Pédophilie : l'archevêque de Boston nous répond
Apr 16, 2008
Rome, le 16 avril 2008 - E.S.M. - Le cardinal O'Malley a modifié le mode de gouvernement du diocèse, en faillite après la déplorable gestion de la crise des prêtres pédophiles. Toutefois, il existe une tension entre le communautarisme des uns et le sens de la communion des autres dans une société américaine qui cultive l'individualisme.
Comment avez-vous cherché à résoudre la crise des prêtres pédophiles à Boston ?
Sous la pression des médias, il s'est agi de faire face à la crise en jouant mon rôle d'évêque.

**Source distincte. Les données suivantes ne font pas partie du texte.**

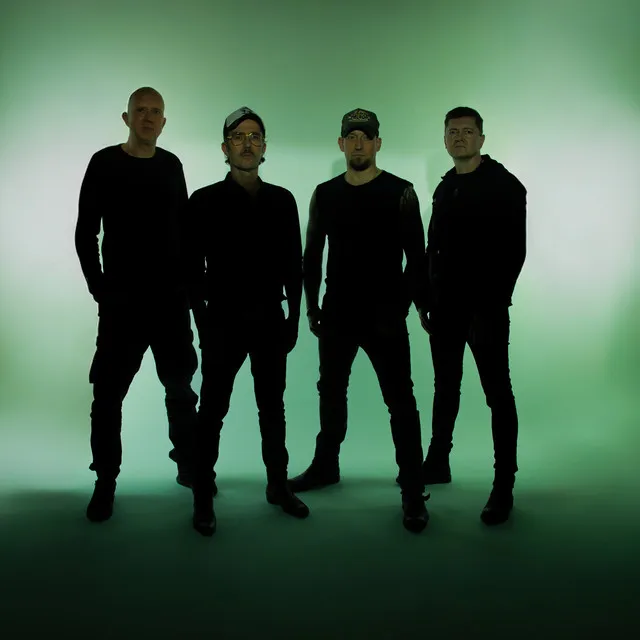 Fallen by Volbeat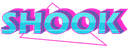 shook emote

Ne rien nier de la vérité, surtout devant les victimes, tout en soutenant fermement les prêtres et les laïcs qui, dans leur quasi-totalité, étaient innocents. J'ai décidé de vendre le palais épiscopal (100 millions de dollars) au Boston College. Ainsi, les dédommagements ont été couverts sans peser sur les finances des paroisses et des écoles. Pour affronter le scandale des abus sexuels, avec tous les catholiques, nous nous sommes purifiés et recentrés sur l'essentiel.

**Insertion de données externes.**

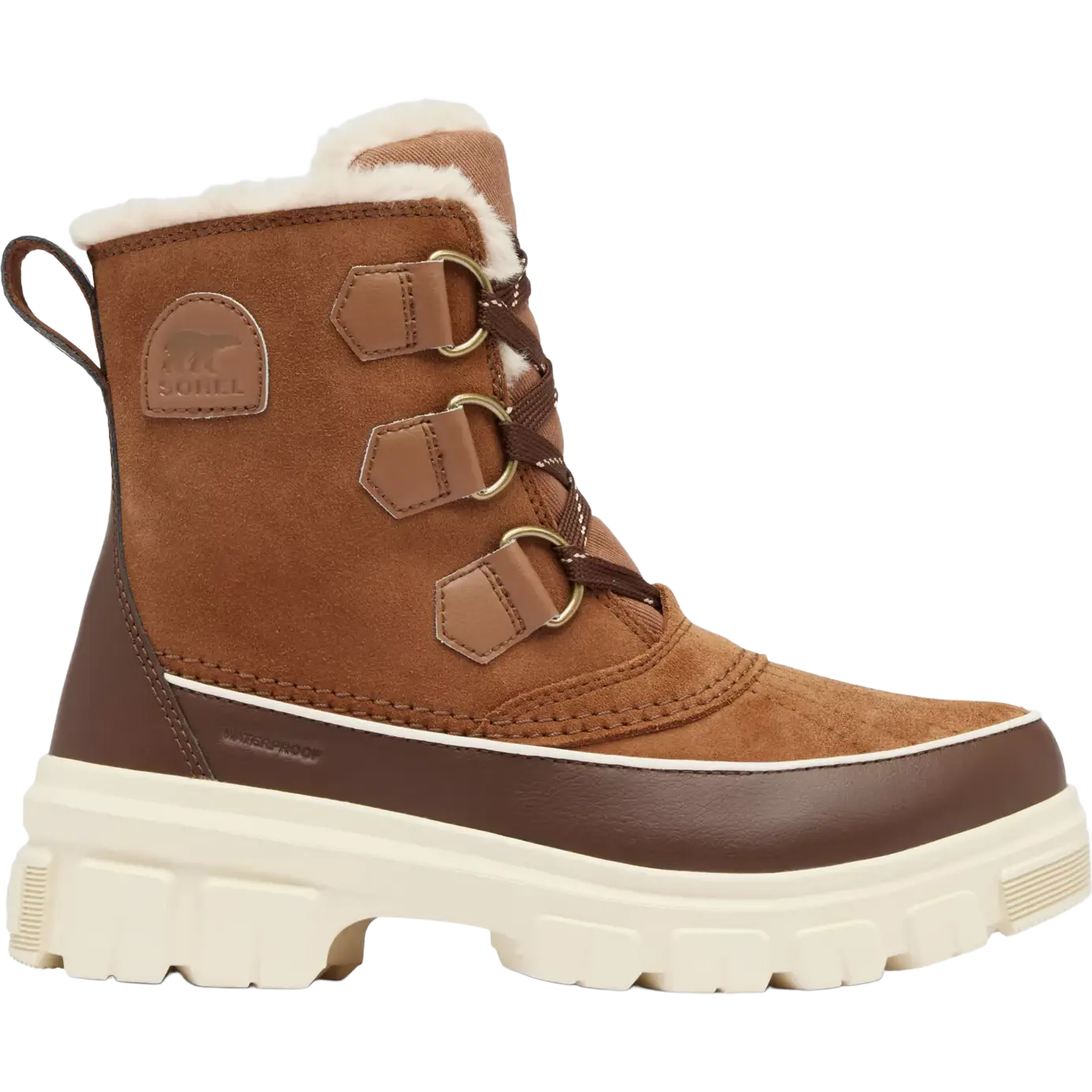 Women's Tivoli V Waterproof Boot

Quel objectif cherchez-vous à atteindre désormais ?
Dans un diocèse de 2 millions de catholiques, avec cinq universités catholiques et 250 000 étudiants en résidence sur les campus, je me concentre sur la formation des laïcs, pour favoriser les vocations, en particulier au sacerdoce et au mariage, et trouver le sens de notre mission afin que chacun participe à la construction de « la civilisation de l'amour ». Pour cela, il a fallu remettre à flot les écoles et les hôpitaux catholiques dont les comptes étaient dans le rouge. Désormais, ils peuvent continuer leur mission sociale et éducative. Avec 1 400 prêtres, le diocèse de Boston est riche en personnes et en moyens que nous partageons amplement.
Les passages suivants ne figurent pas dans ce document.